» Description of the task:
Type out the entries again, keeping every word unchanged.

» Source data:
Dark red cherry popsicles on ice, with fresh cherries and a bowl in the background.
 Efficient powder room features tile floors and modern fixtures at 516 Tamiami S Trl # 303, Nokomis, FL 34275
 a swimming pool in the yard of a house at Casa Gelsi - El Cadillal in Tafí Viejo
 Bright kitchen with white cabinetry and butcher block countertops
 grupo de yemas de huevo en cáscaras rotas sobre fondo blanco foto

» Exercise result:
Dark red cherry popsicles on ice, with fresh cherries and a bowl in the background.
 Efficient powder room features tile floors and modern fixtures at 516 Tamiami S Trl # 303, Nokomis, FL 34275
 a swimming pool in the yard of a house at Casa Gelsi - El Cadillal in Tafí Viejo
 Bright kitchen with white cabinetry and butcher block countertops
 grupo de yemas de huevo en cáscaras rotas sobre fondo blanco foto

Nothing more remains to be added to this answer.